O capitão Groleo correu para o fundo, gritando ordens. Os pentoshi,
aqueles que não estavam soltando vivas, escalavam os mastros. Até
Belwas, o Forte, soltou um grande urro e executou uma pequena dança.
- Os
deuses são bons! - disse Dany - Está vendo, Jorah? Vamos de novo a
caminho.
- Sim -
ele disse - mas de quê, minha rainha?
O vento
soprou durante todo o dia, a princípio constante e de leste, e
depois em violentas rajadas. O sol pôs-se num deslumbramento
vermelho. Ainda estou a meio mundo de distância de Westeros, lembrou
Dany a si mesma, mas a cada hora me aproximo mais. Tentou imaginar
como se sentiria quando vislumbrasse pela primeira vez a terra que
nascera para governar. Será uma costa mais bela que qualquer outra
que já tenha visto, eu sei. Como poderia ser de outro modo?
Mas mais
tarde, nessa noite, enquanto o Balerion mergulhava adiante através
da escuridão e Dany se sentava de pernas cruzadas em seu beliche na
cabine do capitão, dando comida aos dragões "Até no mar",
disse Groleo, tão atenciosamente, "as rainhas têm precedência
sobre os capitães", alguém bateu à porta com vivacidade.
Irri
estava dormindo aos pés do beliche, era estreito demais para três,
e naquela noite era a vez de Jhiqui dividir a macia cama de penas com
a sua khaleesi, mas a aia ergueu-se ao ouvir o toque e dirigiu-se à
porta. Dany puxou uma colcha para cima de si e prendeu-a debaixo dos
braços. Estava nua, e não esperava um visitante àquela hora.
- Entre -
disse, quando viu Sor Jorah à porta, sob uma lanterna oscilante.
O
cavaleiro exilado abaixou a cabeça ao entrar.
- Vossa
Graça, lamento perturbar seu sono.
- Não
estava dormindo, sor. Entre e observe. - Tirou um pedaço de carne de
porco salgada da tigela que tinha no colo e ergueu-o para os dragões
verem. Todos os três o olharam com um ar faminto.

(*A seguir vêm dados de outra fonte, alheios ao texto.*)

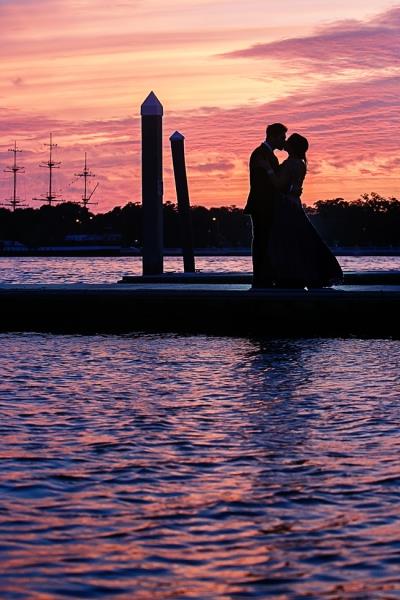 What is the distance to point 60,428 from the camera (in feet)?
21.7

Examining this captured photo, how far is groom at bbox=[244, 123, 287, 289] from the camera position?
14.3 meters

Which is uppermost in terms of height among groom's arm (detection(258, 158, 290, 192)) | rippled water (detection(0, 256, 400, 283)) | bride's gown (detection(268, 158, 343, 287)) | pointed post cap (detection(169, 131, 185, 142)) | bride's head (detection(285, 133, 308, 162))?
pointed post cap (detection(169, 131, 185, 142))

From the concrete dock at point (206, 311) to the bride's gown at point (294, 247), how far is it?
1.55ft

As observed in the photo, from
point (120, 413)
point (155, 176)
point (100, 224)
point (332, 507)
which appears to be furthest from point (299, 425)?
point (100, 224)

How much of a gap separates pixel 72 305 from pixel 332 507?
9.76m

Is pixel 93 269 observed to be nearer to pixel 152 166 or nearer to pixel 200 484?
pixel 152 166

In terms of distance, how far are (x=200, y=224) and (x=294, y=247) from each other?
150424mm

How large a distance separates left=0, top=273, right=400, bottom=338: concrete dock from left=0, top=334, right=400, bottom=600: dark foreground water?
3.69 m

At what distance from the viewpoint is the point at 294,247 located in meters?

Rhaegal estendeu
asas verdes e agitou o ar, e o pescoço de Viserion balançou de um
lado para o outro como uma longa serpente pálida, enquanto seguia o
movimento de sua mão. - Drogon - disse Dany em voz baixa - dracarys.
- E atirou o pedaço de porco ao ar.
O
movimento de Drogon foi mais rápido do que o ataque de uma cobra.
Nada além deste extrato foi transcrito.